#### [Your assignment]
An exact copy of the data is required, with no pictures in it.

#### [Information shown]
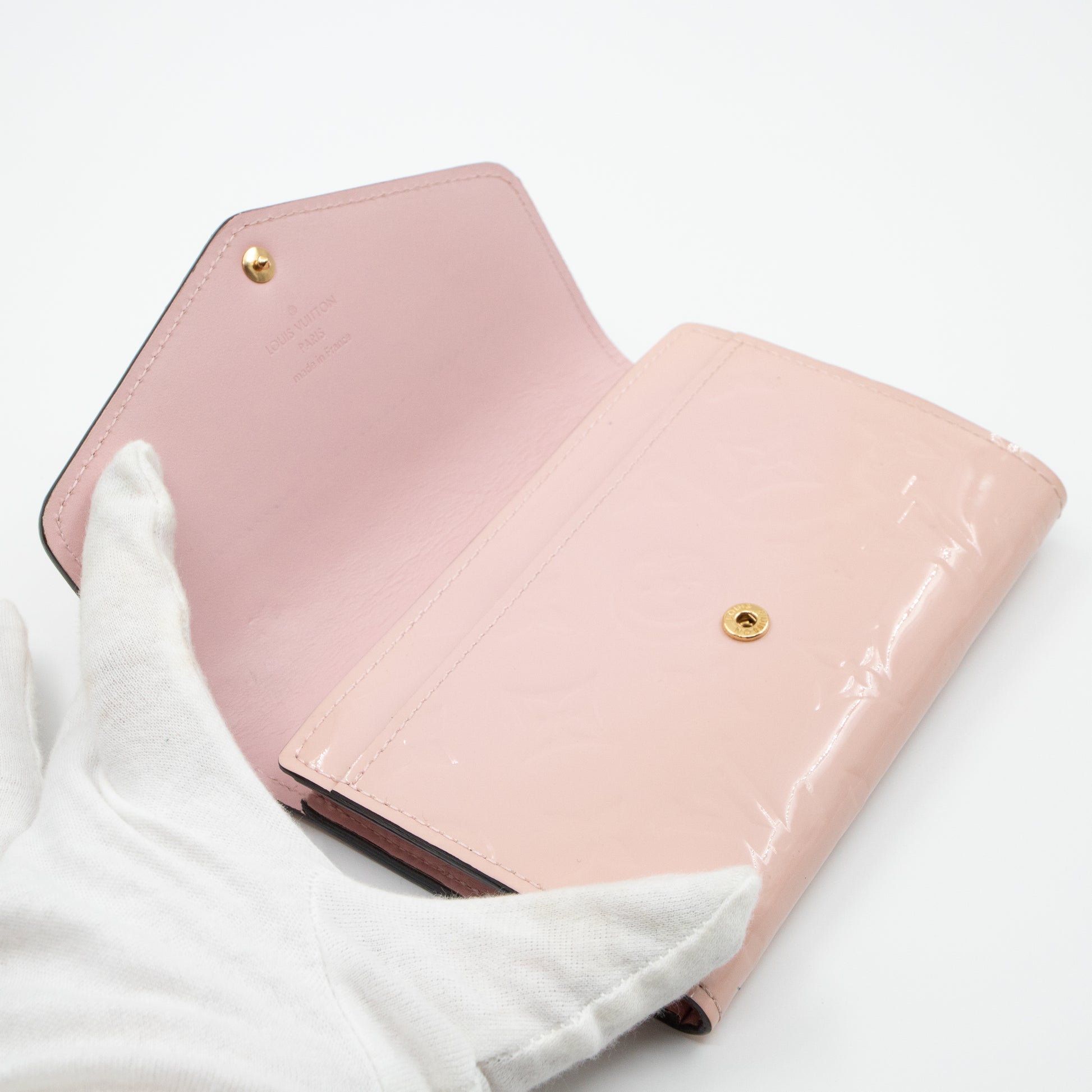 Louis Vuitton Wallet Pink Vernis Sarah compact wallet Rose Ballerine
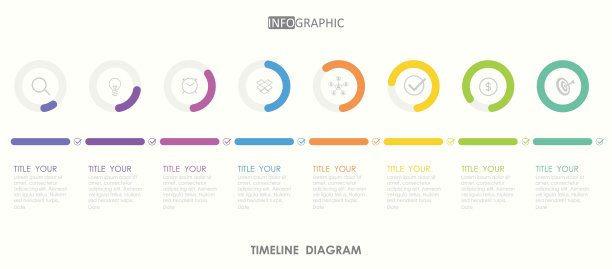 时间轴信息图表元素模板，具有圆形和平面文本样式。彩色可以用于演示幻灯片。图片下载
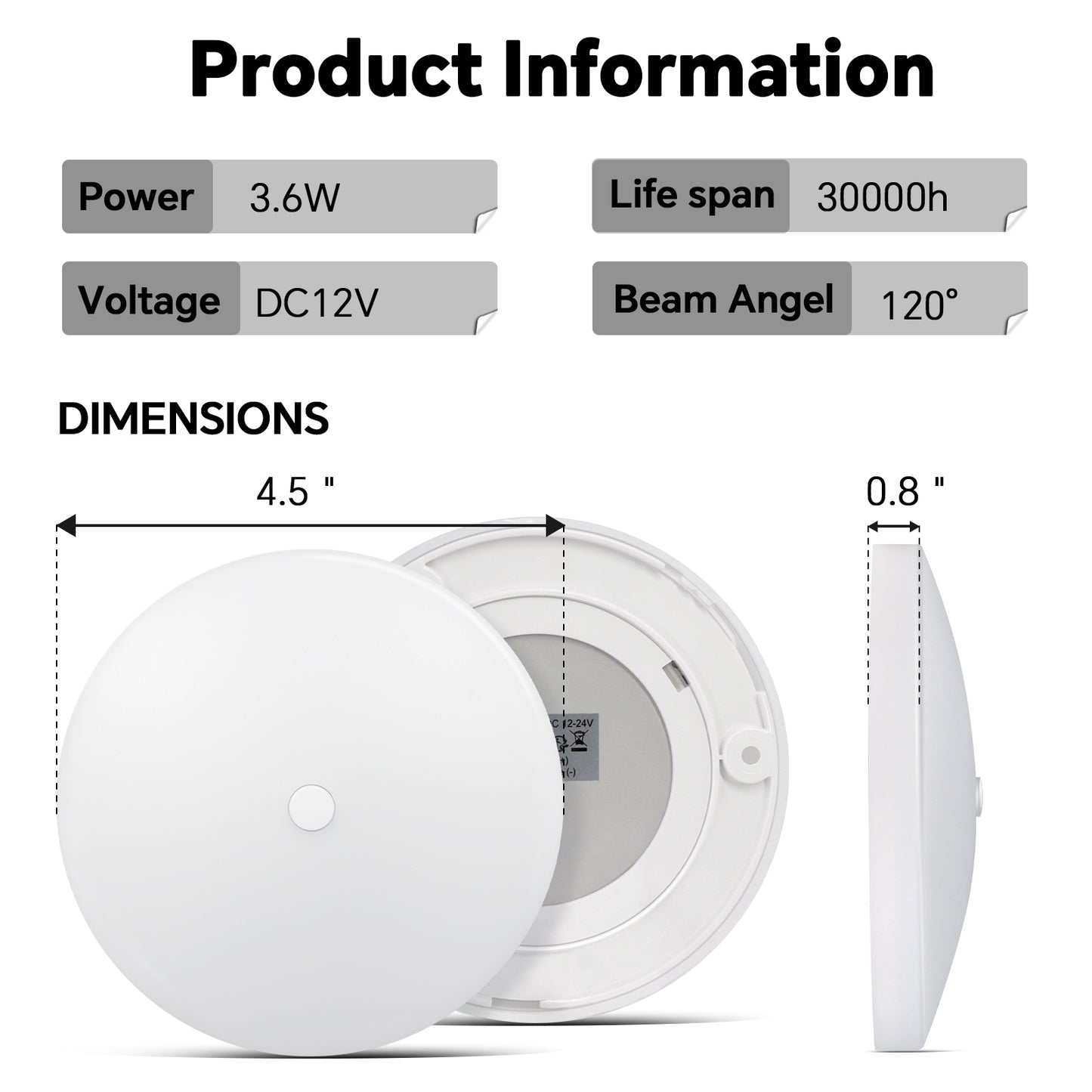 12V Dimmable LED Ceiling Puck Light, RV Boat Dome Light with Push On Off Dimming Switch, Surface Mount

#### [Solution]
 Louis Vuitton Wallet Pink Vernis Sarah compact wallet Rose Ballerine
 时间轴信息图表元素模板，具有圆形和平面文本样式。彩色可以用于演示幻灯片。图片下载
 12V Dimmable LED Ceiling Puck Light, RV Boat Dome Light with Push On Off Dimming Switch, Surface Mount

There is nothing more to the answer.